Report by David Arthur Walters
 
I hesitate to patronize the Burger King at Lenox Avenue and Fifth Street in South Beach in the morning because in the past it has been filled with so many unruly homeless people that it has been dubbed Homeless Burger by former customers.
 
Homeless is not the issue. Disrespect is. Like aggressive panhandling. For example, when a manager asked a panhandler to leave, he walked outside the door on 5th Street, pulled his pants down and pressed his buttocks and genitals up against the glass, then re-entered the premises laughing and cursing. She did not call the police, she said, because the police show up to late or not at all, and the objectionable people just return, anyway, so nothing can be done.
 
But things have recently changed at the MBPD. They have responded effectively over public clamor over several issues, one being agressive panhandling--arrests have soared for that category.
 
At the same time, a new manager by the name of Dion took over at the BK on Fifth. He ordered disorderly people out of the restaurant.
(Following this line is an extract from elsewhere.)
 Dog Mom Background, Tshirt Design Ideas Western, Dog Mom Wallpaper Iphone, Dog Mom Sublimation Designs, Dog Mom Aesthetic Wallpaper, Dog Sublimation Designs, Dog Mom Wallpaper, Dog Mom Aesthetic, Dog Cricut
He immediately ejected repeat violators upon entry. Residents started returning for breakfast. Businessmen in the area complimented him, but Dion was terminated, according to a staff member, who said the young man was very strict with the employees.
 
This morning I decided to have breakfast at BK. I saw a well-known vagrant entering the premises, so I considered waking across the street to the Subway, mainly because the man is extremely hostile on the street, insulting passersby. I entered anyway, and observed him going from table to table, rudely accosting customers. Then he came to the counter where Brenda was running the register, and he proceeded to demand a free breakfast, and to accost customers for change."
 
"Excuse me, sir, I regret to say than panhandling is prohibited here."
 
"This is not panhadling! This is exchange!" he yelled. And then he started cursing me.
 
Well, he had nothing to give in return, and had no right to demand a true exchange, anyway. His kind of ex-change is extortion of change, a form of theft.
 
I asked Brenda to put the man out. He glared out me and cursed me again. She ordered him to leave three times.I called the police at 9:36 am, and observed him going down the street, reporting his location and direction to the dispatched. I was asked for a description:
 
"About six feet, black, dreadlocks, pants dark, too dirty to see the color, blue jacket with yellow shoulders."
 
Four cops in all showed up wihin a few minutes. A female officer headed toward a gentleman who had just shown up and fit the description almost exactly. What an awful coincidence, I thought.
 
"Officer, officer, that is not the man. He left some time ago. I called it in." 
 
I told her what happened, and that I would be glad to testify against the man for violations of city and county code. I pointed out several witnesses besides Brenda. The officers asked me for my identification, birthdate, and address, and whether the man touched me. 

There had been no touching, or battery, but I perceived his threatening conduct and words an assault, and was visibly shaken.
 
I said surely the cops know him well--on second thought, there is vagrant who does look exactly like him, but he never asks for money, just smells badly and sometimes masturbates in broad daylight on Washington Avenue.
 
I told the officers that it is unfair to people to complain about the cops when they do not call the cops, so I had called them and wished more people would do so.  

A man with a group of four Australian tourists came over to my table after the officers left. He  thanked me for calling the cops, and said he told the officer that the panhandler was extremely abusive, and that he would be glad to testify but was returning to Australia. We chatted about what tourists experience on South Beach, how cops are improving the situation. We agreed that this man was potentially violent. For all anyone knows, he will pull out a knife and stab a customer someday, perhaps kill a BK Burger employee.